Lt. Miner cites Alvarez v. U.S. Immigration and Customs Enforcement , 818 F.3d 1194 (11th Cir. 2016), in which the plaintiff brought a Bivens actions against government officials who lodged a detainer against him and held him in custody for over a year pending deportation. The Eleventh Circuit found as a special factor that the claim the plaintiff asked it to recognize "would be doctrinally novel and difficult to administer." Id. at 1210. It noted, in the context presented, that "[t]he lack of a clearly defined standard by which to judge such claims, and the nature of the claim as based primarily on the credibility of each party, would likely lead to widespread litigation." Id. at 1211.
The same holds true for Andrews's First Amendment retaliation claim. In the § 1983 context, a plaintiff must present evidence of a retaliatory animus on the part of the defendant, i.e., "the defendant was subjectively motivated to [take action] against the plaintiff for exercising his First Amendment rights." O'Bryant v. Finch , 637 F.3d 1207, 1219 (11th Cir. 2011) (quoting Moton v. Cowart , 631 F.3d 1337, 1341 (11th Cir. 2011). Andrews claims Lt. Miner used excessive force on him because Andrews filed grievances against Lt. Miner. If this Court allows an implied Bivens remedy for First Amendment retaliation by use of excessive force, it could lead to the unwanted result of inmates filing grievances against correctional officers and then claiming that any use of force by the officers resulted from retaliatory animus. Any increase in suits by inmates necessarily involves increased litigation costs to the Government and burdens on the individual employees who must defend such claims. First Amendment retaliation claims, requiring inquiry into a defendant's subjective state of mind, often would present genuine issues of material fact not easily resolved on summary judgment. This, in turn, would necessitate trials and further increase litigation costs.
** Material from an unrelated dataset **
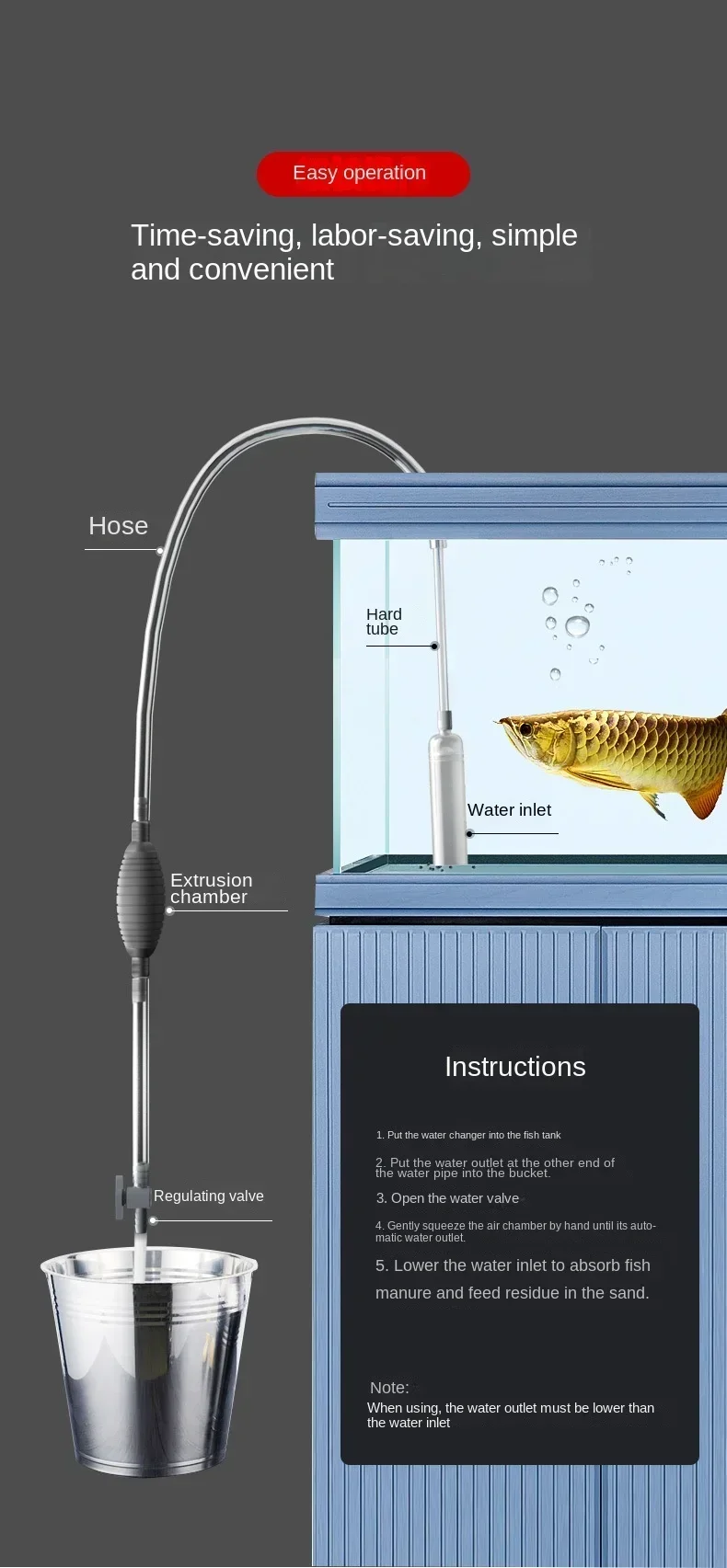 Siphon Pump with Filter Nozzle Fish Tank Water Changer Air Pump Cleaning Accessorie Handheld Aquarium Gravel Cleaner Vacuum Tool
The threshold is low on this issue: all that a "special factor counselling hesitation" must do is "cause a court to hesitate before answering [the question of whether to imply a new Bivens remedy] in the affirmative." Abbasi , 137 S.Ct. at 1858. Because this Court finds reason to hesitate in extending the reach of Bivens in this context, it will not allow Andrews's Bivens First Amendment retaliation claim to proceed to trial.
IV. Conclusion
Based on the foregoing, the Court GRANTS Lt. Miner's Motion for Judgment on the Pleadings as to Andrews's First Amendment retaliation claim. (Doc. 107.) That claim is hereby DISMISSED . Andrews's remaining Eighth Amendment excessive force claims against Lt. Miner will proceed to trial.
DONE AND ORDERED ON AUGUST 25, 2017.